A new data center park is being proposed in Virginia’s Prince William County.
The ‘Gardner Property’ development could see up to 1.8 million sq ft of data centers developed on the site – currently made up of 14 parcels between Routes 29 and 55 at the intersection of Nolan Drive, Gardner Manor Place, and McGraws Corner Drive – as well as an on-site substation. The number of buildings and planned power capacity of the site aren’t clear.
The Hillwood property is currently a residential recreational vehicle (RV) community, with some 140 trailers on-site across 15 acres. InsideNoVa reports most of the properties are currently owned by a variety of private companies, individuals, and land trusts, mostly associated with the Charles V. Gardner Estate.
The park is reportedly under contract to Delaware Land LLC, owned by landowner and CEO of JK Moving Services, Chuck Kuhn. Kuhn is also affiliated with JK Land Holdings LLC.

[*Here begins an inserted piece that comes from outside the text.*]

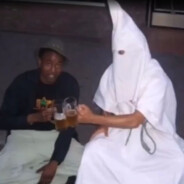 kasyniarz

A firm affiliated with Kuhn has already filed plans with county officials seeking to rezone the land parcels from agricultural, general business, and residential to light industrial use.
The developer is also trying to add the land to the county’s Data Center Opportunity Zone Overlay District to speed up the permitting process.
The development is seeking a waiver to allow building heights increased from 60ft to 80ft, and a proposed floor-to-area ratio (FAR) waiver from .5 to 1. PW County Staff have labeled the FAR request “problematic.”
The camping park is close to the planned Village Place Technology Park and the Kuhn-owned Gainesville Business Park.
Wilderness Crossing gets locals cross - is AWS involved?
Elsewhere in Virginia, a proposed residential & industrial development in Orange County is facing a lawsuit from residents and opposition groups. While not confirmed at this point, the project could include a significant data center element.
The Wilderness Crossing proposal, from developer KEG Associates III and recently approved by Virginia’s Orange County, would see 2,600 acres rezoned to allow for up to 5,000 residential units and more than 800 acres of commercial and industrial development, as much as 750 acres of which could be data centers and distribution warehouses. The development would continue over a 30-year period.
Orange County is located immediately south of Culpeper County and west of Fredericksburg and is not currently a major hub for data centers.
Plaintiffs in the suit against the project include the American Battlefield Trust, Friends of Wilderness Battlefield, Central Virginia Battlefields Trust, Mark W. Nowacki and Cheryle M. Nowacki, and Robert J. Foster, a trustee of the Robert J. and Joanne S. Foster living trust.
The Piedmont Environmental Council said the lawsuit cites several violations of state constitutional and statutory law and county zoning ordinance, including procedural errors, lack of required submittals and findings, and failure to comply with the Virginia Freedom of Information Act, among other errors.
“We commend and wholeheartedly support our Wilderness Battlefield Coalition partners in the legal challenge, and stand ready to share our expertise and provide assistance,” said Piedmont Environmental Council president Chris Miller. “PEC staff has developed extensive knowledge of the rezoning and its impacts from its engagement as a part of the community, and will be following and participating in any next steps, such as transmission line routing and substation siting discussions with Dominion Energy and Rappahannock Electric Cooperative and/or site remediation discussions with the applicant and the Virginia Department of Environmental Quality.”
The American Battlefield Trust said the plan voted on by the Board of Supervisors “differed significantly” from what was previously discussed. Changes include the lifting of a cap on the amount of square footage proffered for data center and warehouse distribution development — previously limited to five million square feet and increased to 30 million.
The area was previously used as a gold mine and is close to Wilderness Battlefield, a Civil War site where Union and Confederate soldiers fought in 1864.
County documents subject to FOIA suggest data centers could be coming to the development after interest was shown from an operator that, from the description, is likely to be Amazon:
“[Orange County] staff has been approached by VEDP [Virginia Economic Development Partnership] and a major player in the retail online/data center business about purchasing several thousand acres of the King property for a data center.”
Later emails in the FOIA suggest a number of Wilderness Crossing land bays were changed to show a technology campus instead of a residential area, potentially to accommodate this developer. The email chain also refers to “Project Tricycle.”